*** Excerpted data ***
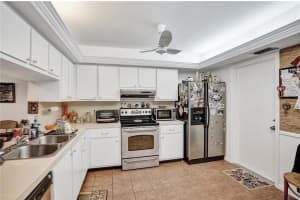 2 Ridge Pointe Dr b, Boynton Beach, FL 33435, Sold 08/05/20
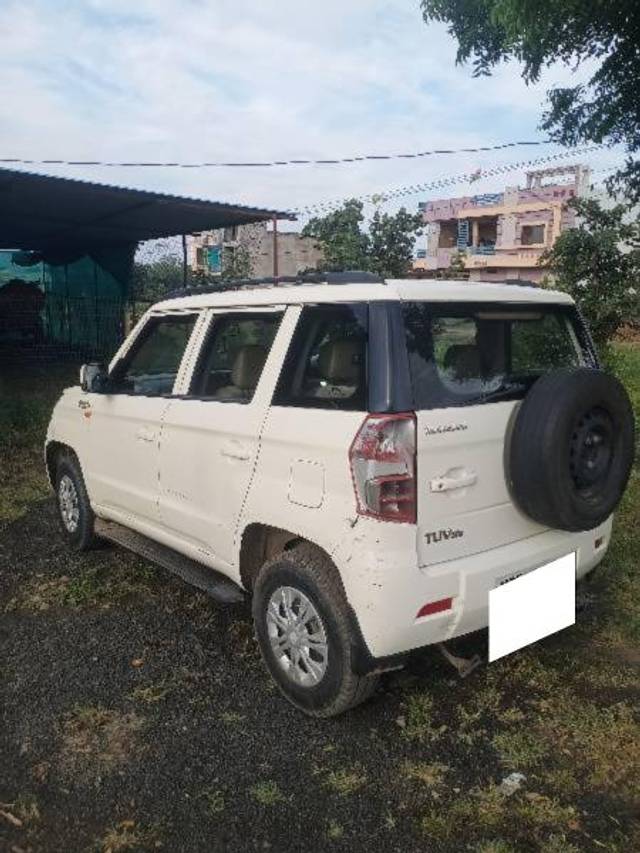 https://images10.gaadi.com/usedcar_image/4150510/original/processed_19f8b41e-1662-4315-b539-cbb8143dba18.jpg?imwidth=6402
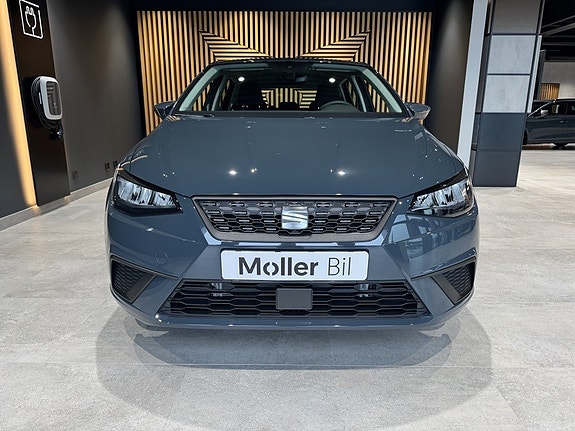 Seat Ibiza 2 of 5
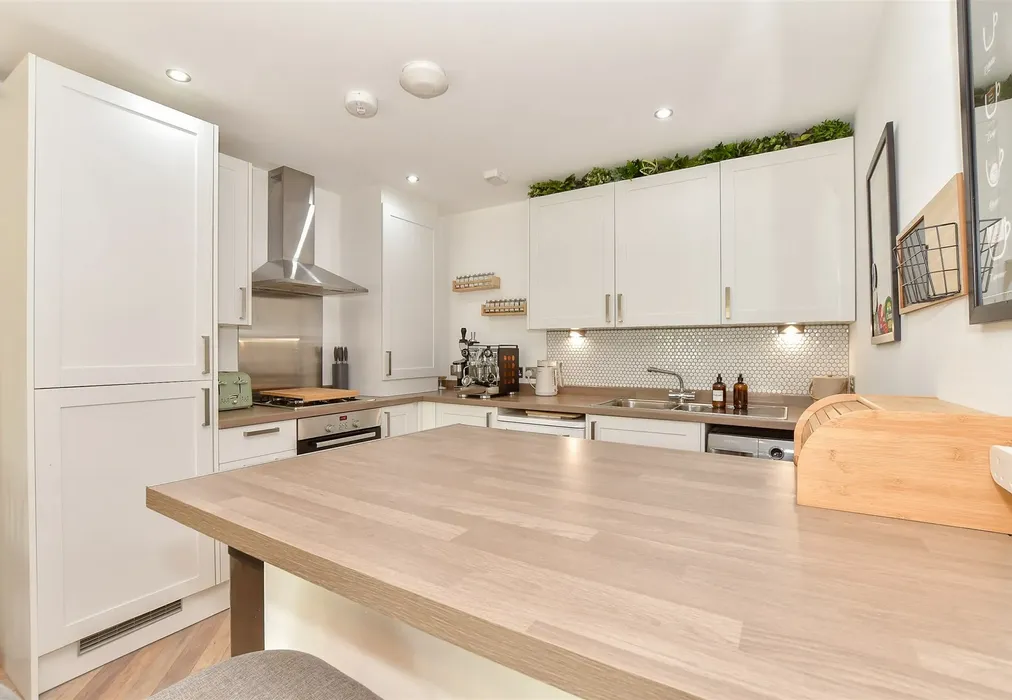 Lounge/ Kitchen/ Diner - Avebury Avenue, Tonbridge, Kent - Wards of Kent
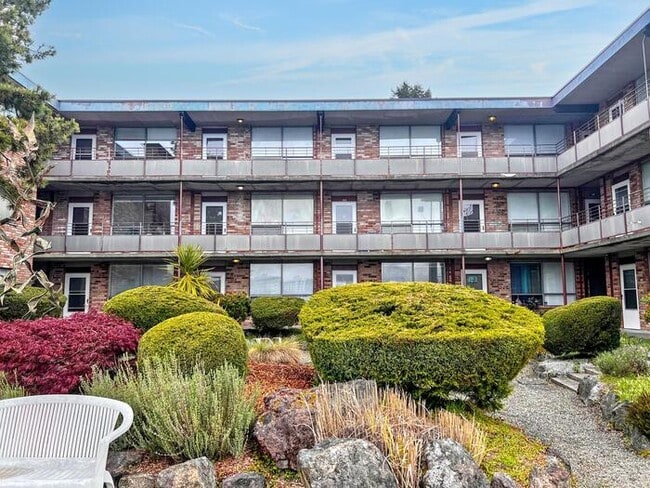property at 211 Shore Dr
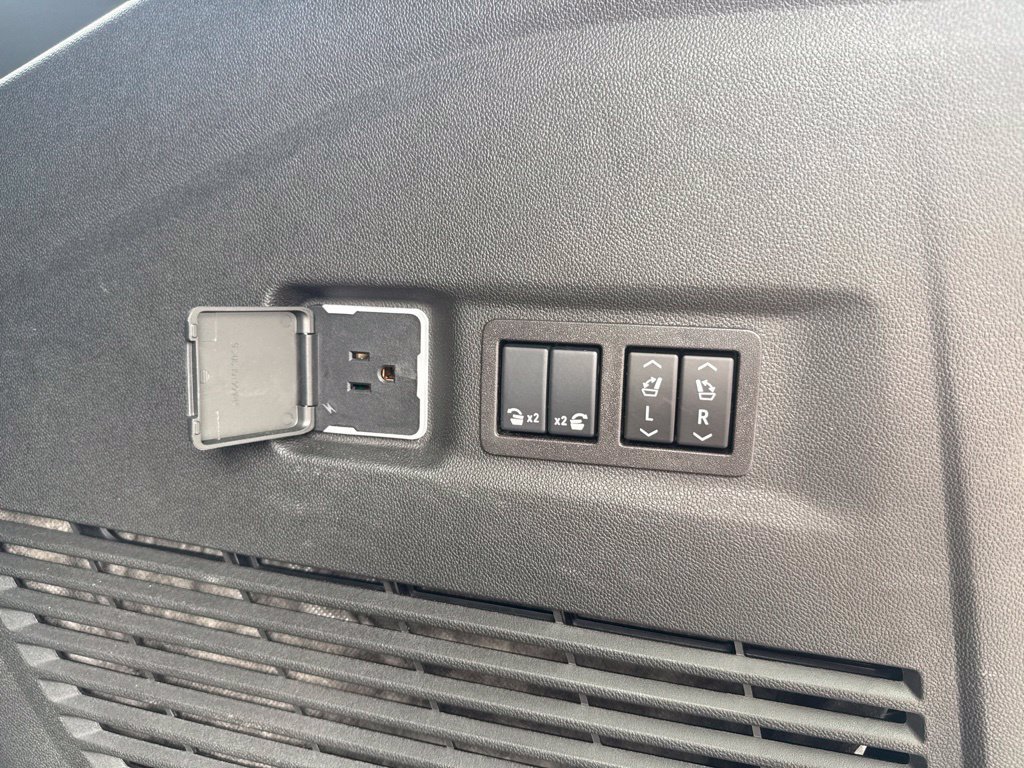 Used 2025 GMC Yukon XL Denali Ultimate AWD/4WD image 62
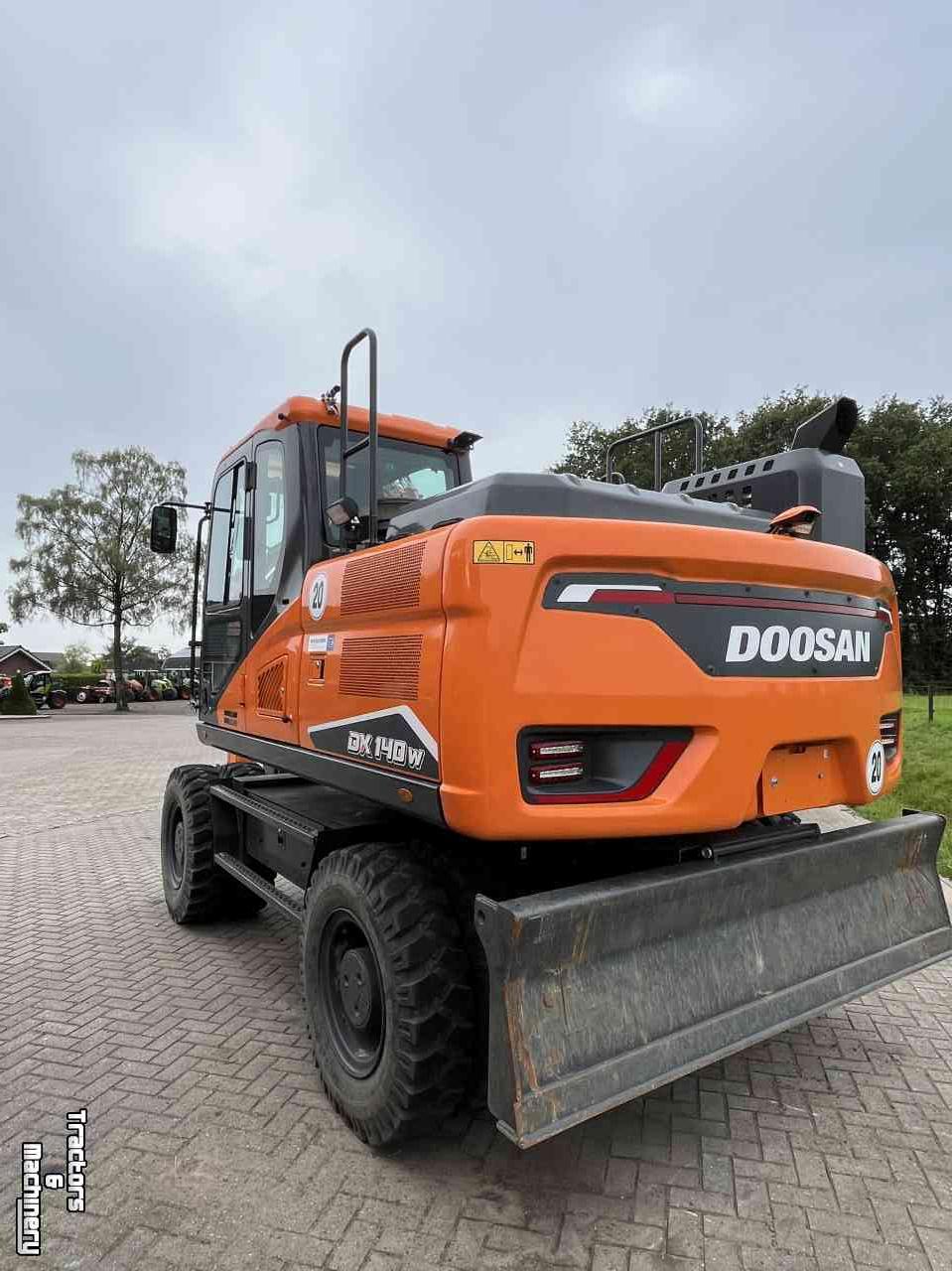 Bandenkraan Doosan DX140W-7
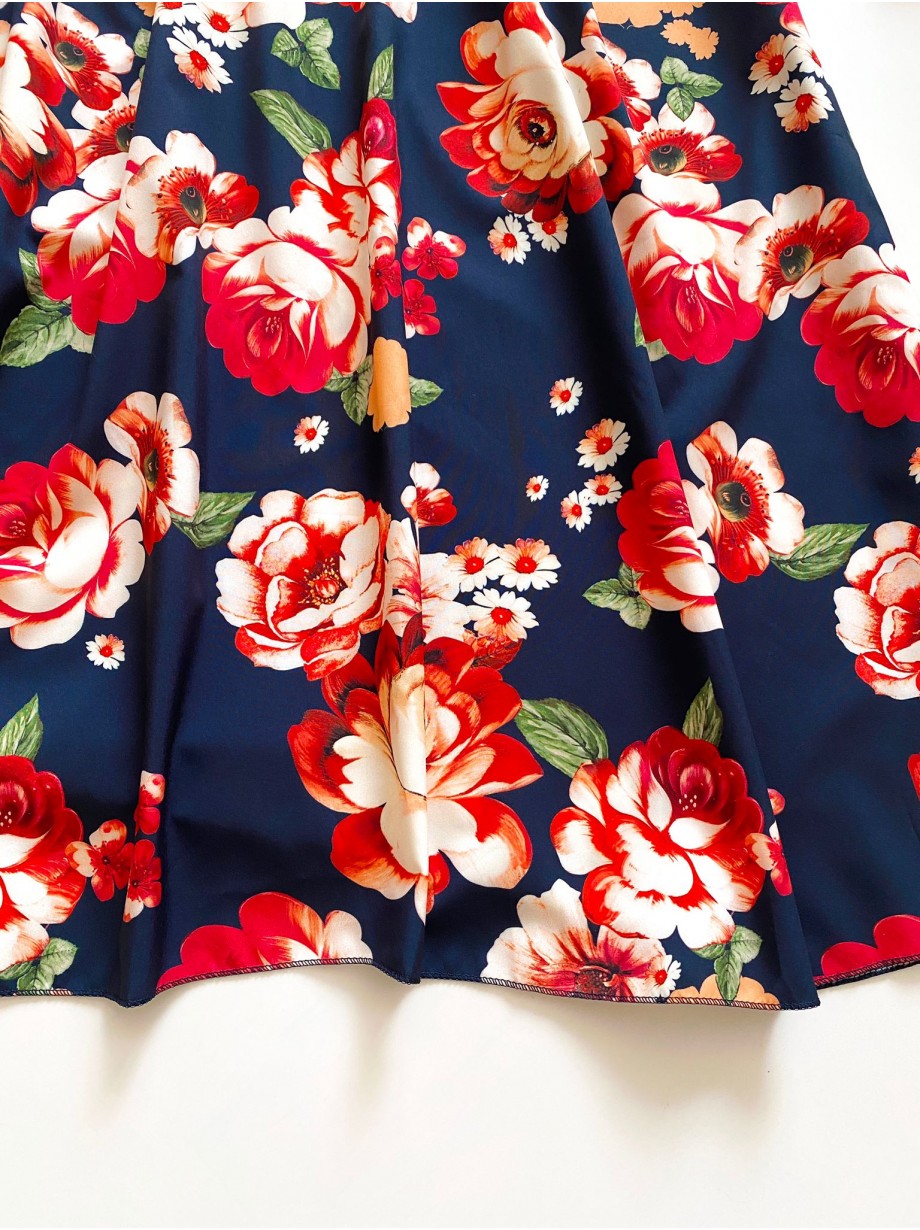 Rochie de zi midi neagra cu flori si volanase la manecute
*** End of Excerpted data ***
Try it: Restate each of the entries above word for word and skip every image.

Answer below:
 2 Ridge Pointe Dr b, Boynton Beach, FL 33435, Sold 08/05/20
 https://images10.gaadi.com/usedcar_image/4150510/original/processed_19f8b41e-1662-4315-b539-cbb8143dba18.jpg?imwidth=6402
 Seat Ibiza 2 of 5
 Lounge/ Kitchen/ Diner - Avebury Avenue, Tonbridge, Kent - Wards of Kent
property at 211 Shore Dr
 Used 2025 GMC Yukon XL Denali Ultimate AWD/4WD image 62
 Bandenkraan Doosan DX140W-7
 Rochie de zi midi neagra cu flori si volanase la manecute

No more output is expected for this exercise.